Literally. Even here in Southern California, there are places where frost makes its appearance in the black heart of winter. I live in one of those micro-climates. January is the coldest month down here, and it’s in the last week that we’ve had to begin scraping frost off the cars in the mornings. The lawn recovered nicely from the summer heat, and now we have to worry about frost-kill … but it never lasts long down here.
The Christmas cactus is covered with scarlet flowers twice the length of the hummingbirds that come to raid them; the oxalis is showing its first neon-yellow blooms, the rosemary is covered with pale-blue flowers. Various bulbs are displaying blunt anonymous buds rising through the mulch of dead leaves to surprise us. No, the frost won’t last; but while it’s here, we’ll honour it with the appropriate lights.

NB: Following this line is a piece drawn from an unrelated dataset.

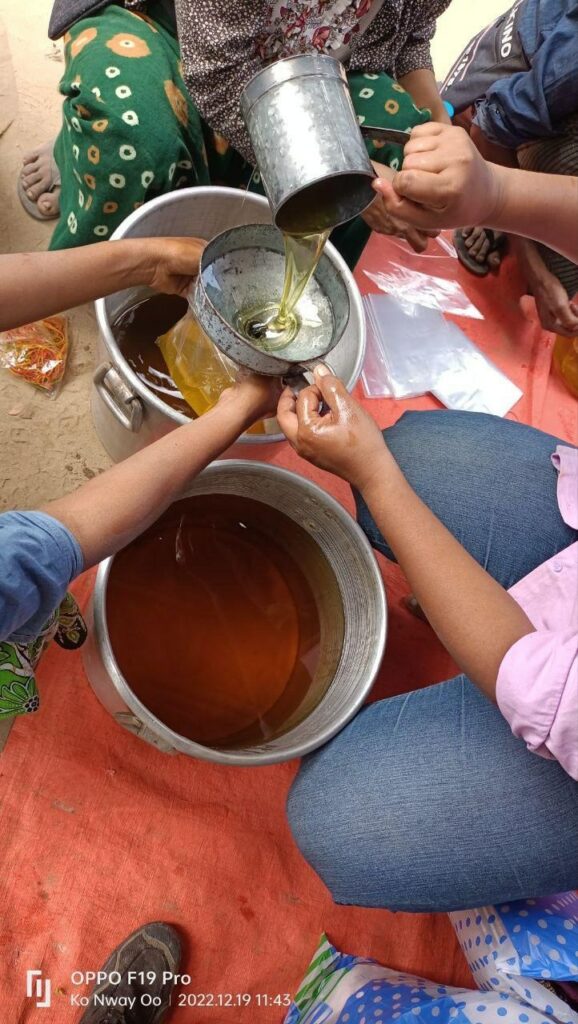 မြောင်မြို့နယ်တွင် စစ်ကောင်စီတပ်မီးရှို့ဖျက်ဆီးသွားသည့် ကျေးရွာလေးရွာမှ ပြည်သူများအတွက် သွားရောက်ထောက်ပံ့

This is what Kage and I always did, and it’s a joy to me that Kimberly still does it, too. I like the domestic habit of helping the seasons along their path with ritual lights. It’s one of the great advantages of electricity! Though if I had to do it with candles or oil, I would. I have, not always having lived where current flows … and despite the fact that I have a fibre optic Christmas tree plugged into the UCB port of my computer even as I write this, it’s keeping company with coloured candle cups: just in case the power fails.
Gotta keep the lights lit. That’s something in which Kage’s determination never faltered, whether it was votive candles on top of her view screen or the lamps she lit in the windows for every Quarter Day’s changes. If we want the light to dwell with us, we have to make it sure knows where we live, right?